EXTRACTED ENTRIES below:
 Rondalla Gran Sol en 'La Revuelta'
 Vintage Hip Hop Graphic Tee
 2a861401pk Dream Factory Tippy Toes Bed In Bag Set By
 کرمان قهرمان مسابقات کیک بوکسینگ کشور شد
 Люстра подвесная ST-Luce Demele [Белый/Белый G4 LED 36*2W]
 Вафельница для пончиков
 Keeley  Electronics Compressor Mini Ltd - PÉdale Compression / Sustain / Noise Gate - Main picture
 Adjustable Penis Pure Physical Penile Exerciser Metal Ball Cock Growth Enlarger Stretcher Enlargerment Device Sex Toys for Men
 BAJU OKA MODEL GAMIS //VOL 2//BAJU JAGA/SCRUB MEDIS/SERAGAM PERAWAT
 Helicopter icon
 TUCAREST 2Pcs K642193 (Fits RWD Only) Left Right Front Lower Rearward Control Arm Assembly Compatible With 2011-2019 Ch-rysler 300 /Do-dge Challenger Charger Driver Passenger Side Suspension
End of EXTRACTED ENTRIES.
TASK DIRECTIONS:
Send back every record, precisely as written.

SOLUTION BELOW:
 Rondalla Gran Sol en 'La Revuelta'
 Vintage Hip Hop Graphic Tee
 2a861401pk Dream Factory Tippy Toes Bed In Bag Set By
 کرمان قهرمان مسابقات کیک بوکسینگ کشور شد
 Люстра подвесная ST-Luce Demele [Белый/Белый G4 LED 36*2W]
 Вафельница для пончиков
 Keeley  Electronics Compressor Mini Ltd - PÉdale Compression / Sustain / Noise Gate - Main picture
 Adjustable Penis Pure Physical Penile Exerciser Metal Ball Cock Growth Enlarger Stretcher Enlargerment Device Sex Toys for Men
 BAJU OKA MODEL GAMIS //VOL 2//BAJU JAGA/SCRUB MEDIS/SERAGAM PERAWAT
 Helicopter icon
 TUCAREST 2Pcs K642193 (Fits RWD Only) Left Right Front Lower Rearward Control Arm Assembly Compatible With 2011-2019 Ch-rysler 300 /Do-dge Challenger Charger Driver Passenger Side Suspension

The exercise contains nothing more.